Part Two
All images can be clicked on for a larger view.
Now that the steering linkage, torsion bars, brake lines and axles are removed, the final
dissassembly process involving removing the spindle and then the upper and lower A-arms can
commence.  Unfortunately, I lack the pictures of removing the actual spindles.  I attacked this
process a little differently.   I elected to retain a combination of my stock original ball joints and
the ball joints that came on the used A-arms.  My reasoning for doing this is that all of the ball
joints in question appeared to be in perfectly good condition.   They could easily be replaced at
a later date, but by not remplacing them, installation of the arms was made far easier.   The
upper ball joints were left attached to upper part of the spindle.  This allowed it be very easily
bolted to the new WCOR upper A-arms using the 4 bolts.   The lower ball joints were left
attached to the lower WCOR A-arms by the original owner.   This allowed to be easily bolt the
lower A-arms to the spindle using 4 bolts.   None of this required me seperating any of the ball
joints, which is what I was trying to avoid to save time and trouble.  

Once the spindle was unbolted, the upper and lower A-arms simply unbolted from the frame.  
The upper A-arms are bolted to the top of the frame using 3 giant bolts.   The lower A-arms are
bolted to lower frame mounts using two long bolts.
The spindle unbolted from the A-arm.  Note the
upper ball joint still attached.  I also elected not to
dissassemble the rotor and wheel bearings.  This
was the save time and cost in parts.  The wheel
bearings can easily be attended too at a later date.
The stock upper and lower A-arms sans spindle.  
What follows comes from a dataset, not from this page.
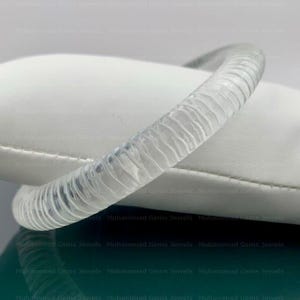 Könnte beinhalten: Ein klarer, strukturierter Armreif. Das Armband hat ein geriffeltes Design und besteht aus einem transparenten Material. Der Armreif liegt auf einer weißen Oberfläche. Das Gesamtthema ist Schmuck.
Note, how the lower ball joint is still attached to the
stock lower A-arm.  This is the ball joint that I will
NOT be reusing.  The new WCOR A-arm also has a
ball joint attached in the same manner as on the
stock arm and it is that ball joint that I will bolt to
the spindle during reassembly.
The stock lower A-arms removed from the lower
mounts.  Also showing the lower mount bolts. Note
the upper bumpstop at the top of the picture.  It is
this bumpstop which limits the droop of the
A four stock A-arms, finally removed.  More parts
to be stored, probably never to be used again.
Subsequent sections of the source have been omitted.